Ce n’est pas de la pensée positive de façade. C’est un principe d’action : la défaite n’est une information que si tu t’arrêtes là. Si tu continues à bouger, elle devient un point de départ.
“Bouge.” Sa philosophie de vie en un mot
S’il fallait résumer toute sa mentalité en un mot, ce serait celui-là. Bouge.
Il me l’a dit texto : dans son business, il perd de l’argent parfois. Quelqu’un lui a volé de l’argent une fois. Sa réaction : “c’est OK, on apprend, on le met de côté”. Ce qu’il refuse absolument, c’est de rester à pleurer et à ressasser ce qui s’est passé. Pour lui, c’est ce que font la plupart des gens qui restent bloqués, et c’est précisément ce qui les empêche d’avancer.
C’est une différence de mentalité qu’il a observée entre la culture dans laquelle il a grandi et celle qu’il a adoptée aux États-Unis : là-bas, l’échec est vu comme une étape normale du chemin vers la réussite, pas comme une honte à cacher.
Ce n’est pas du déni. Jamo n’a jamais dit qu’il fallait ignorer la douleur ou faire comme si de rien n’était, sa dépression après sa blessure en est la preuve. Ce qu’il décrit, c’est le moment où, après avoir traversé et reconnu la difficulté, on choisit quand même de se remettre en mouvement plutôt que de rester figé indéfiniment dans le regret.

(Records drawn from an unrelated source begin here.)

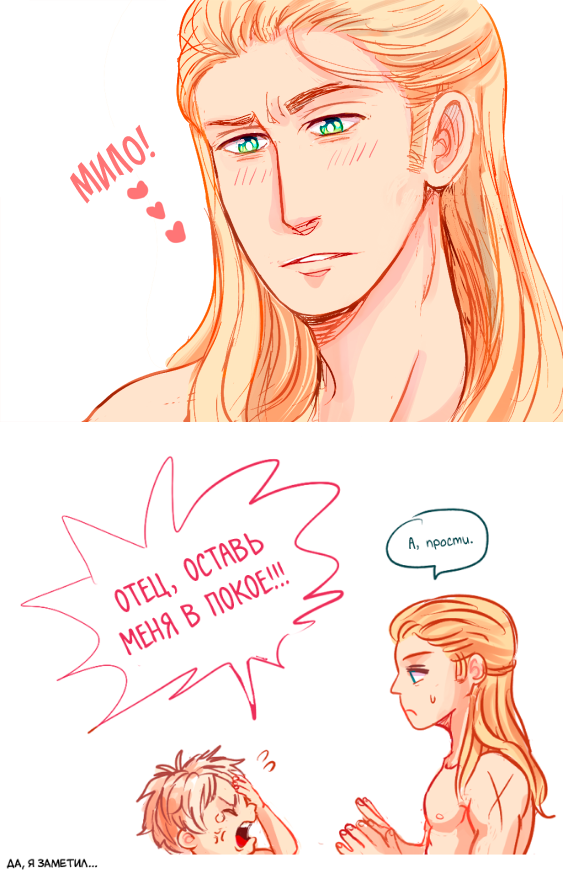 Комикс Спросите Древнюю Германию: выпуск №86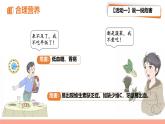 初中生物人教版（2024）七年级下册4.2.3 合理营养与食品安全 课件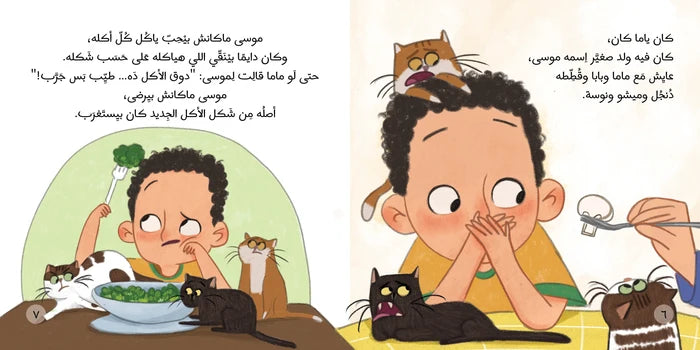 موسى والبسبوسة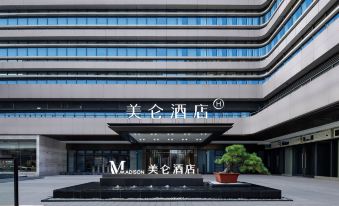 Madison Hotel at Business District of Yangzhou East High Speed Railway Station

Ce que tu peux retenir si tu traverses, toi aussi, un coup dur
Si je devais résumer ce que cette histoire m’a appris, et ce que je veux que tu en retiennes :
Un échec n’a de sens que si tu t’arrêtes là. Une idée trop en avance, un projet qui coule, une blessure qui met fin à un chapitre entier de ta vie, ce n’est pas une sentence. C’est une information sur le timing, le marché, ou le corps. Rien de plus.
Le temps de la reconstruction n’est pas négociable. Jamo a mis deux ans à se relever mentalement de sa blessure. Il n’a pas triché avec ce délai, il l’a traversé, jour après jour. Si toi aussi ça prend du temps, ce n’est pas que tu es faible. C’est normal.
Le bien que tu fais autour de toi n’est jamais perdu. Le réseau qui l’a sauvé au moment le plus dur n’est pas apparu par hasard. C’est le fruit d’années à traiter les gens avec respect et sincérité, sans rien attendre en retour.
L’action bat la rumination à tous les coups. “Bouge” n’est pas un slogan motivant creux. C’est un choix concret que Jamo a fait, chaque jour, y compris dans ses pires moments : continuer à s’entraîner, continuer à entraîner les autres, continuer à avancer même sans savoir où ça mène.
Pour la petite histoire, l’idée d’application “trop en avance” de Jamo ressemble beaucoup, avec quelques années d’écart, à ce que sont devenus les modèles d’abonnement fitness qu’on connaît aujourd’hui. Parfois, on n’a pas tort. On est juste en avance.
Je parle de ce sujet plus en détail en vidéo, tu peux la retrouver ici :
Si toi ou quelqu’un que tu connais traverse en ce moment une vraie détresse, au-delà d’un coup dur professionnel, il est sain et normal d’en parler à un proche ou à un professionnel de santé. Ce n’est jamais un signe de faiblesse. C’est souvent le premier pas du rebond.